Inelastic Electron Scattering at a Single-Beam Structured Light Wave

TL;DR

This paper demonstrates inelastic scattering of slow-electron wavepackets by a propagating Hermite-Gaussian light beam, revealing controllable energy modulation and electron bunching, opening new avenues for electron wavepacket manipulation using structured light.

Contribution

The study introduces a novel method of inelastic electron scattering using structured light beams, enabling control over electron energy and wavepacket shape.

Findings

Energy-gain spectra are influenced by electron self-interference.

Electron bunching occurs along the longitudinal direction.

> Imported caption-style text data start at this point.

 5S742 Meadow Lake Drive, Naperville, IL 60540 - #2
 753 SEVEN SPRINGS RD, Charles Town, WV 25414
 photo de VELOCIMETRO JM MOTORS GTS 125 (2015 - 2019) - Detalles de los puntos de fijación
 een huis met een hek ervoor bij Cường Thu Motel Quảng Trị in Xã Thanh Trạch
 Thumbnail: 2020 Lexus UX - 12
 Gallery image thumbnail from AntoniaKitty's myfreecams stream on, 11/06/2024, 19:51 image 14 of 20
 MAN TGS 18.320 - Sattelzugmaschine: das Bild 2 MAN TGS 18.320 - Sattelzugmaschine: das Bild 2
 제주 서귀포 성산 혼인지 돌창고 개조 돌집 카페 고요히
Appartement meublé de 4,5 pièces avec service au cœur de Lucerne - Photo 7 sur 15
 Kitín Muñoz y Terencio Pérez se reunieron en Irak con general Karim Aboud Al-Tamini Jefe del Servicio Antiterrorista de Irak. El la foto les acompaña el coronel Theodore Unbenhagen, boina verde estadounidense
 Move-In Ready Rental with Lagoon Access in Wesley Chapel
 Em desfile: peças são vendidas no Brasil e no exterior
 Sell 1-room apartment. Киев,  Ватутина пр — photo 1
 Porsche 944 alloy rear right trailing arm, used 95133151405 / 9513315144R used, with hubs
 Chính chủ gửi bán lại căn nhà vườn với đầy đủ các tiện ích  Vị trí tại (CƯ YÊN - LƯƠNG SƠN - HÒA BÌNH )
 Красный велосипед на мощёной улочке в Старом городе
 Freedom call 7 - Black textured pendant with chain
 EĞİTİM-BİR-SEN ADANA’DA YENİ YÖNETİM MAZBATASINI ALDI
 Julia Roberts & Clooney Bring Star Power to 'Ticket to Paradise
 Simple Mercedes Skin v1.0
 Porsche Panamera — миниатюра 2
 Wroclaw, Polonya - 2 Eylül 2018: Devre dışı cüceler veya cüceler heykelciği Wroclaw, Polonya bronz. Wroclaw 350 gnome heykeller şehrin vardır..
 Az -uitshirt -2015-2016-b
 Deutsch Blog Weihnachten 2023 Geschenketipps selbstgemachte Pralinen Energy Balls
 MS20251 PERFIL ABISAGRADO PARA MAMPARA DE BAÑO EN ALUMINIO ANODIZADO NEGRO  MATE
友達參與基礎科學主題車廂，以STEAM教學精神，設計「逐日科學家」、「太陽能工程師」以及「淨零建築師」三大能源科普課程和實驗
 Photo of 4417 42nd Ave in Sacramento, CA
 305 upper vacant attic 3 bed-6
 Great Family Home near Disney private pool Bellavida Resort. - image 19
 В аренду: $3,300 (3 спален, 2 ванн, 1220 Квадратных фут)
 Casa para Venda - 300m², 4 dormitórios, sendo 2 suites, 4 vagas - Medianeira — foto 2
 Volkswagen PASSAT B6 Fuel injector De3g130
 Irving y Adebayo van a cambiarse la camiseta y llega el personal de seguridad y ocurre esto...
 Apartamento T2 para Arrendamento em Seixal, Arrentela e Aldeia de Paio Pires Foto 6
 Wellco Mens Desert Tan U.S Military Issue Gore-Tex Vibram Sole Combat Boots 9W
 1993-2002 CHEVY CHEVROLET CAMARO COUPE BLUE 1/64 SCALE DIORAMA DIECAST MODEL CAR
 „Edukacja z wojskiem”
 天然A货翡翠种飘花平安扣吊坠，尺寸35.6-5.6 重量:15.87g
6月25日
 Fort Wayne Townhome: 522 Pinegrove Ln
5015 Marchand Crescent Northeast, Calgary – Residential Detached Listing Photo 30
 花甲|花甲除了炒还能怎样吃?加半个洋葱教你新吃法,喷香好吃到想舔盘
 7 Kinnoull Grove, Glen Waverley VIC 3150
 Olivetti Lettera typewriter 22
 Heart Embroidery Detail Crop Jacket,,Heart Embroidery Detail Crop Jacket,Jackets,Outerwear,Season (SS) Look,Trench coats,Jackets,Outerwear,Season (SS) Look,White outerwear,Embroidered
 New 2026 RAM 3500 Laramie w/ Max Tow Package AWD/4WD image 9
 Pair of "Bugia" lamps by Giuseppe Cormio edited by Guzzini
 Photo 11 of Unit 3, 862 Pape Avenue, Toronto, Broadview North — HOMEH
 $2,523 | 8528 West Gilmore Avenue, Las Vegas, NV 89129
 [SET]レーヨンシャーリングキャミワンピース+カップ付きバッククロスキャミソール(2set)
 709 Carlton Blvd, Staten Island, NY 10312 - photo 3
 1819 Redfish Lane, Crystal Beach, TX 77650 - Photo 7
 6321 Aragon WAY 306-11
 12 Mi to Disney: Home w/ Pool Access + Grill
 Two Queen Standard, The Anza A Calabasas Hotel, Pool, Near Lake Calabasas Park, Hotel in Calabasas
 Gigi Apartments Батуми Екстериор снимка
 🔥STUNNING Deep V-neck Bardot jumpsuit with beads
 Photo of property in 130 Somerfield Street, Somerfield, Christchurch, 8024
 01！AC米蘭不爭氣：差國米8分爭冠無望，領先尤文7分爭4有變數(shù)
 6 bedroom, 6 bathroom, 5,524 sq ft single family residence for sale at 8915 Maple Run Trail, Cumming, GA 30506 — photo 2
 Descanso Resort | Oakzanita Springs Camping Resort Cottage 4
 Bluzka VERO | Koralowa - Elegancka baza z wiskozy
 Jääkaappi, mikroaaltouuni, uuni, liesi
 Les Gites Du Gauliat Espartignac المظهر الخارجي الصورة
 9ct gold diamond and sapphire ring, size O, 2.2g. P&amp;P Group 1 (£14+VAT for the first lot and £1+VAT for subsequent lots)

The effect is observable across various wavelengths and intensities.

Abstract

In this work we demonstrate the inelastic scattering of slow-electron wavepackets at a propagating Hermite-Gaussian light beam. The pulsed Hermite-Gaussian beam thereby forms a ponderomotive potential for the electron with large enough momentum components, leading to the inelastic scattering of electrons and their bunching along the longitudinal direction. We show that the resulting energy-gain spectra after the interaction is strongly influenced by the self-interference of the electron in this ponderomotive potential. It is shown that this effect is observable for various optical wavelengths and intensities and further discuss how the variation of the electron velocity and the light intensity allow to control the energy modulation of the electron wavepacket. This effect opens up a new platform for manipulating the electron wavepacket by utilizing the vast landscape of structured electromagnetic fields.